• [PROBLEM TO WORK ON]:
Images should be left out, and everything else in the listing reproduced exactly.

• [DATA EXCERPT]:
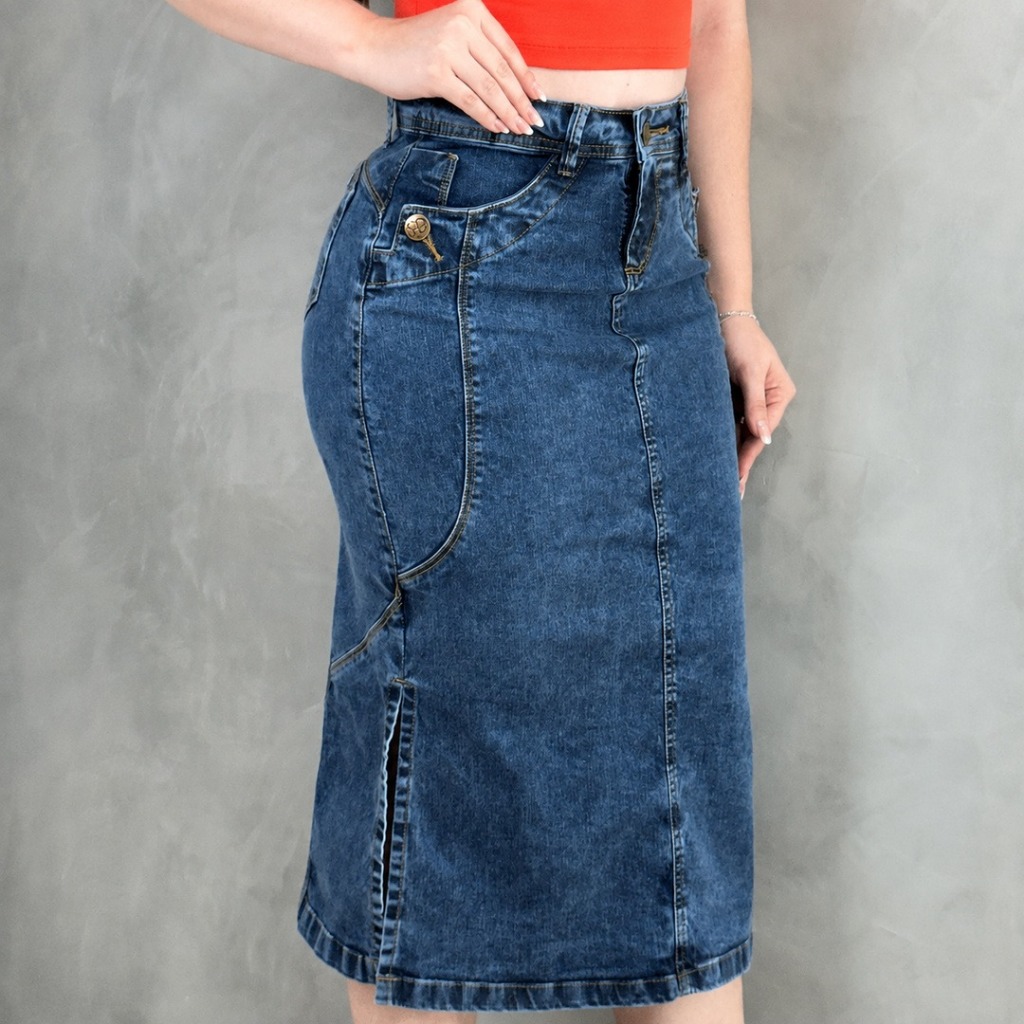 Saia Jeans Midi Feminina Cintura Alta Fenda Lateral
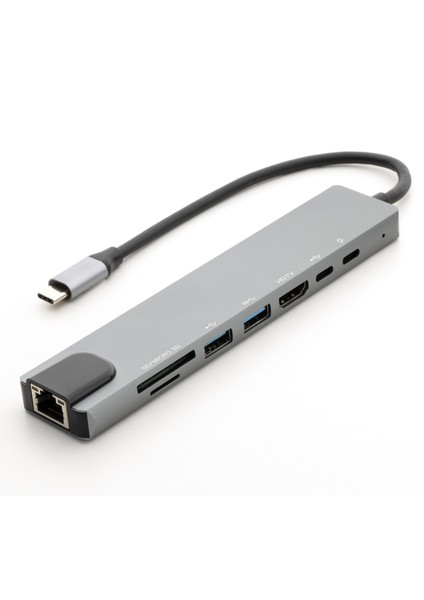 Macbook Pro Air USB Type-C Hub Dönüştürücü Çevirici Çoklayıcı USB Hdmı Micro Sd 8 Girişli fiyatları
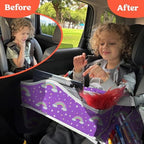 PILLANI Kids Travel Tray for Car - Car Seat Tray for Kids w/ Tablet & Cup Holder - Toddler Travel Activities for Car & Airplane - Road Trip Essentials & Must Haves - Carseat Table Roadtrip Activities - Image 3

• [WRITTEN RESPONSE]:
 Saia Jeans Midi Feminina Cintura Alta Fenda Lateral
 Macbook Pro Air USB Type-C Hub Dönüştürücü Çevirici Çoklayıcı USB Hdmı Micro Sd 8 Girişli fiyatları
 PILLANI Kids Travel Tray for Car - Car Seat Tray for Kids w/ Tablet & Cup Holder - Toddler Travel Activities for Car & Airplane - Road Trip Essentials & Must Haves - Carseat Table Roadtrip Activities - Image 3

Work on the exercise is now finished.